Our use of a novel glycoproteomic method for identifying CS-glycopeptides enabled the identification of several novel core proteins in C.elegans and in humans. Bioinformatic analysis of the primary amino acid sequence revealed great structural and also functional diversity of CPGs in the nematode and indicates that some, but not all, functions overlap with those of human CSPGs. Moreover, three of the novel core proteins display homology to vertebrate counterparts, indicating that CPG / CSPGs may be more conserved throughout evolution than previously perceived. The future use of similar glycoproteomic strategies may thus be helpful in identifying CPG / CSPGs also in other important model organisms, such as Drosophila melanogaster and Danio rerio.
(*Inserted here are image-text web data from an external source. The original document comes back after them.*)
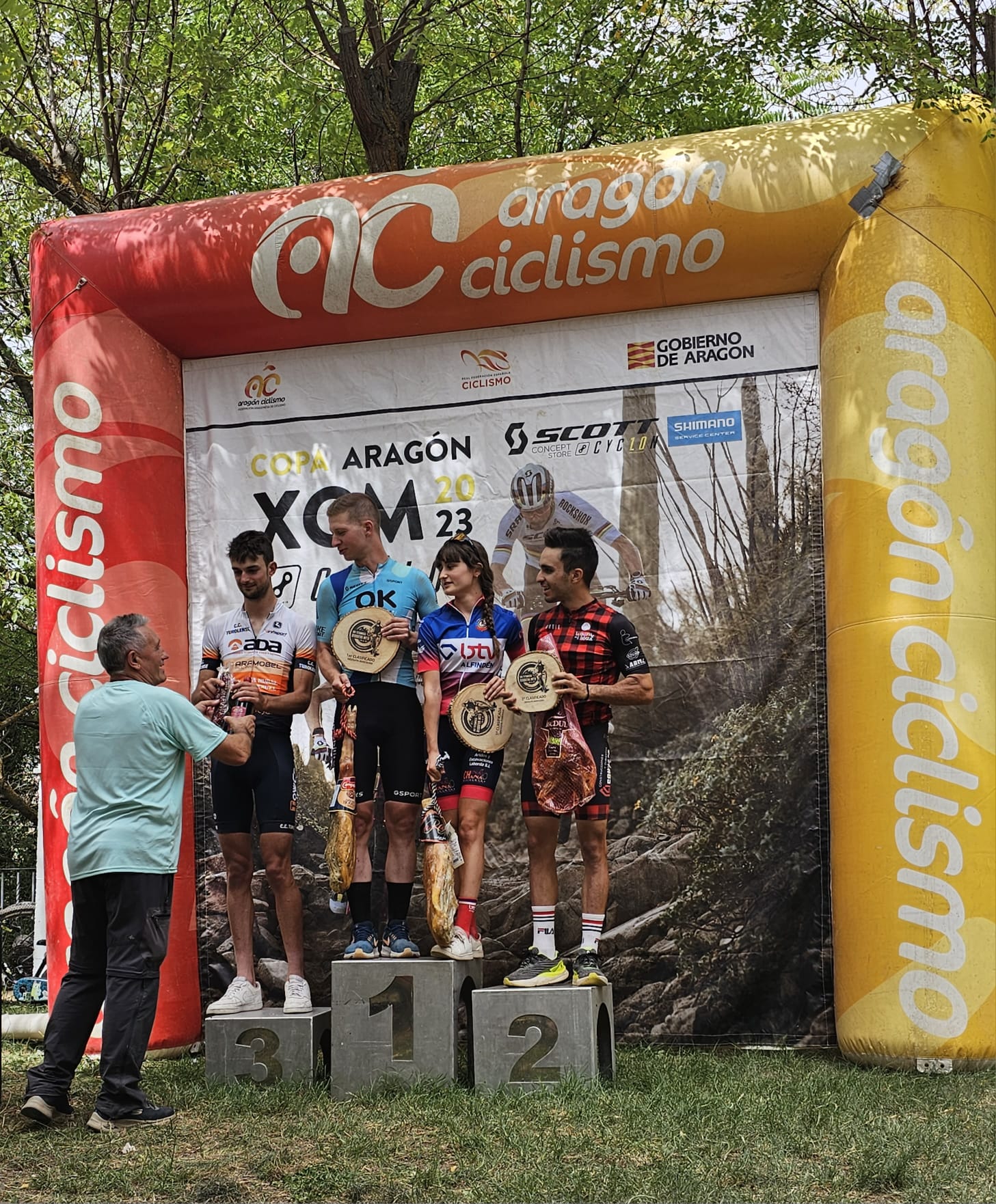 Nadia Castillo y Marc Labaila, líderes de la Copa XCM by Cyclon Zaragoza 2023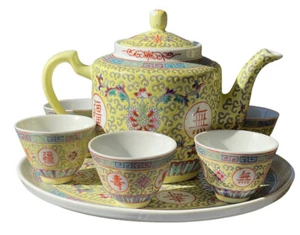Vtg Min Shou Longevity Teapot And 6 Cups With Platter Yellow From China - Picture 1 of 6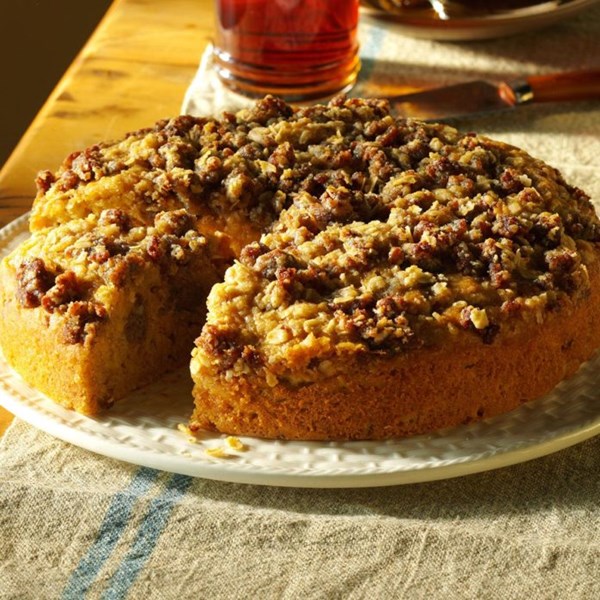 Sausage-apple breakfast bread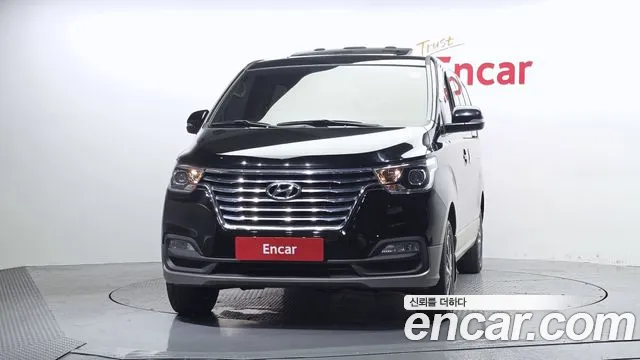 Hyundai Staria 2020 thumb 2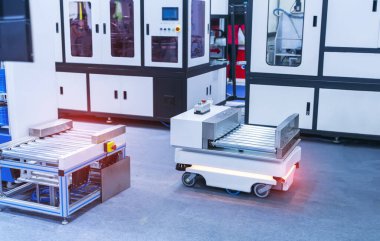 Depo robotu fabrikada karton kutu montajı yapıyor.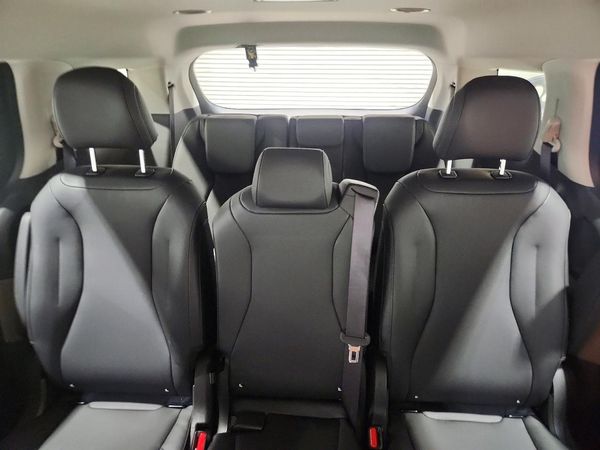 2027 KIA CARNIVAL LXS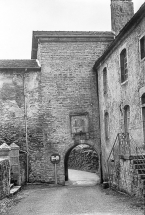 Porte de l'abbaye, face externe. © Région Bourgogne-Franche-Comté, Inventaire du patrimoine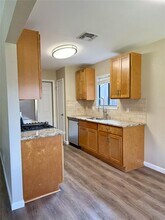 3814 Stonecroft Dr in Austin, TX - Building Photo - Building Photo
This will likely expand the number of identified core proteins and may also provide new perspectives on proteoglycan-mediated functions and how these have persisted or developed throughout evolution. Further, obtaining global information on attachment sites and core protein identities will likely assist in assigning CPG/CSPG specific functions, both in vertebrates and in invertebrates. In addition, novel methods to site-specifically analyze the structures of extended CS chains may also be important to better understand the structure-function relationship of CPG/CSPG-mediated functions.